Addressing Liberians in the US, she said that the importance of the “expansion of the TRC process to include Liberians in the Diaspora cannot be overemphasized, considering the pivotal role of Liberians, particularly in the United States, in the body politic of Liberia. Liberians abroad stuck with their homeland through thick and thin assuming various roles at different times in our national history especially in the peace process. The Truth and Reconciliation Commission recognizes the importance of the Diaspora community and is determined to give it a voice in this all important national process.”

Meanwhile, Commissioner Pearl Brown Bull on a private visit to the States, met 200 members of the group ‘Liberia First’ and members of the People’s Christian Church in Durham, North Carolina. The pastor of the church, Reverend Cecilia Towah, introduced the Commissioner and asked the faithful and Liberians everywhere to pray for the work of the TRC and to participate in the process.

Commissioner Bull talked to them about the TRC mandate and the process in Liberia, encouraging the audience to give their statements. “You may not have waged the war but you can contribute to the peace,”she said.

The Minnesota Advocates for Human Rights, a pro bono group of lawyers that represents the TRC in the US and supports its work by providing voluntary services, material resources and the funds for the diaspora programme in the US. The group has started taking statements in Minnesota and will extend the programme to other states shortly.

Liberians in US Tell of Civil War Atrocities
Voice of America
by Deborah Block
March 20, 2007

In the West African country of Liberia, thousands of people are telling their stories about human rights abuses that took place in the country, especially during the 14-year civil war.  Their comments will become part of a report by the Liberian Truth and Reconciliation Commission.  The aim is to promote healing in Liberia.  A large Liberian community in the U.S. midwest city of Minneapolis, Minnesota is also providing testimony for the report.  VOA's Deborah Block has more.

A recent event in Minneapolis encouraged Liberians to come forward to document atrocities during their country's years of civil war and conflict between 1989 and 2003.

The conflict began when rebel leader Charles Taylor tried to overthrow Samuel Doe, who had taken over the country in a military coup.  Various rebel factions also battled each other.  It is estimated that the violence left at least 200,000 people dead and displaced a million more.

A private group, Minnesota Advocates for Human Rights, is coordinating the Liberian testimony in the United States. 

Director Robin Phillips says the views of Liberians who live in the U.S. are crucial. "A lot of the people who fled Liberia were victims of the atrocities there and if they don't include their statements then the record won't be complete."

Momolu Getaweh was the minister of information under Doe, who was assassinated in 1990.  He says he was astounded how Liberians turned against each other. "To see students kill their teachers.  It's very gruesome some of those things that we saw, that we witnessed."

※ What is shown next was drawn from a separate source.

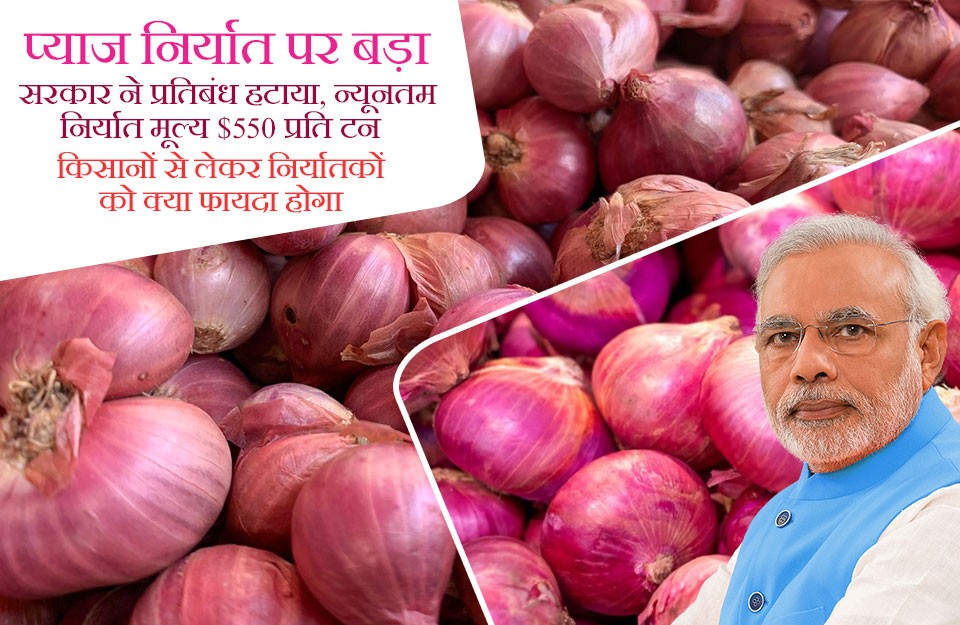 Onion Export: Government Lifts Ban On Onion Exports, Fixes Minimum Export Price at $550 per ton, Check Minimum Export Price Here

After Doe's death, ECOWAS -- The Economic Community of West African states -- formed an interim government, but Taylor's rebels and other factions refused to recognize it.  Peace accords failed until Taylor agreed to another transitional government.  After major fighting ended in 1997, Liberia held democratic elections.  Taylor won the majority of the votes and became president.

During his six years as president, Taylor left Liberia bankrupt and in ruins.  Under intense international pressure, he resigned in 2003 and went into exile in Nigeria. 

Then in 2006, after being jailed in Sierra Leone, the United Nations sent him to The Hague, Netherlands for trial.  He faces charges of allegedly backing rebels in the Sierra Leone civil war.